In February, The Architectural Review came out with an issue on craft. Projects featured in the issue contained works by Peter Zumthor, David Adjaye, Peter Salter and Fernando Menis. All of these architects demonstrate a concern for materiality and how light affects our world. It was a reminder of how the assemblage of materials in a thoughtful, conscious and meaningful way creates rich architectural experiences.
In late February, the Hyatt Foundation announced that Rafael Aranda, Carme Pigem and Ramon Vilalta, who lead the Catalan firm RCR Arquitectes, had won the $100,000 (U.S.) Pritzker Architecture Prize. This prize has previously been awarded to the likes of Frank Gehry, Zaha Hadid and Rem Koolhaas. Considered the architecture world’s equivalent of the Nobel Prize, this year’s winners are a group of three Spanish designers committed to the idea of craft in their buildings. Until recently, their body of work has remained relatively unknown outside of Spain.
But the concept of craft is certainly well-known to many Canadian architects and designers, and is something that IIDEXCanada is especially proud to showcase through our display of new materials or creations built by emerging designers. Craft also has a lot to do with site, culture, and the ability to slow down and design spaces that are powerfully connected to our surrounding landscape. RCR Arquitectes typify this connection, which the jury duly noted as being part of “history, the natural topography, customs and cultures, among other things – and observing and experiencing light, shade, colours and the seasons.”
Click here to learn more: The Pritzker Architecture Prize, 2017 Laureates
Their most recognized work, the Soulages Museum in the southern French town of Rodez and dedicated to the work of the painter Pierre Soulages, is comprised of a line of blocks clad in weathering steel. Other projects, like their Barberi Laboratory in Girona uses steel in contrast to light, nature and stone. Their library for a seniors centre in Barcelona uses steel to generate a glass box that feels light and ethereal.

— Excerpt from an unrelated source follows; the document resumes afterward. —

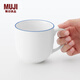 MUJI日用餐具 馬克杯 水杯杯子 瓷杯 藍色線(xiàn)條 380ml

“We are used to reading the site as of it had its own alphabet,” Pigem says in documentary video produced by the Pritzker. And she says elsewhere, “A great motivating force is to be able to discover the treasure of each place, or where the magic resides.”
Indeed, many of Canada’s own architects share in the design philosophy and approach to RCR's architecture. And the approach to craft is something that IIDEXCanada will explore in more depth this fall at one of its highly anticipated National Summits where we will investigate what makes craft such an important part of our everyday lives.